1.1 Fixed radio infrastructure and interaction with wind turbines.

(11) Fixed radio systems generally work from UHF (~450MHz) to multiple Gigahertz frequencies, although JRC do manage some fixed point to multipoint systems working in the middle VHF band (~140 MHz).

(12) Fixed links, including UHF telemetry point to multipoint systems, have fixed link ends. There are no percentages of locations to be considered with regard to coverage planning and interference, fixed links generally operate at 100% of time.

(13) Interruption caused by the signal dropping below minimum usable sensitivity or corruption to the bit pattern will cause the link to fail and be immediately noticed. This often causes the link to re synchronise and drop traffic for a length of time considerably longer than the interruption.

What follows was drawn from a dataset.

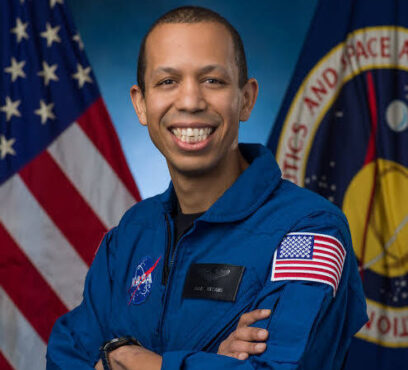 A photo of Chris Williams in his blue NASA flight suit.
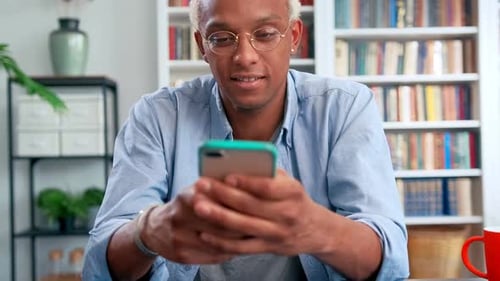Man with Glasses Using Mobile Phone Indoors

(14) Within the UK the transmit power for both point to point and point to multipoint systems are assigned to only just give enough receive level for the availability required. This is defined in OfW49 for UHF telemetry systems and OfW446 for point to point links.

(15) When very close to a radio path a turbine may cut the signal path or intrude into the Fresnel zone increasing the path loss or in some instances blocking the signal completely. The extent of this loss is dependent on the proximity of the turbine to the link ray, the size of the turbine and the Fresnel zone. The size of the Fresnel zone is dependent on the frequency of the link and the position on the link (the Fresnel zone reduces the closer you get to the link ends).

(16) Wind turbines, in addition, can introduce moving multipath which adds and subtracts with the wanted signal. This potentially reduces the worst case signal and degrades the fade margin of the link.

(17) A reflected signal may corrupt the bit pattern, this is more noticeable on high symbol rate links and more so on the higher multi-level modulation systems. Narrowband, lower bit rate schemes are less affected as the delay for the reflected signal to be destructive to the bit pattern is rarely achieved in practice.

(18) The turbine will also have more interference potential when it is in line with the path and the rotor is facing either end of the link, as the apparent turbine radar cross section is enhanced. This is known as forward scatter. Forward scatter occurs over a wider area on lower, frequency links. The wavelength with relation to the turbine blade width determine the beam-width of the enhancement.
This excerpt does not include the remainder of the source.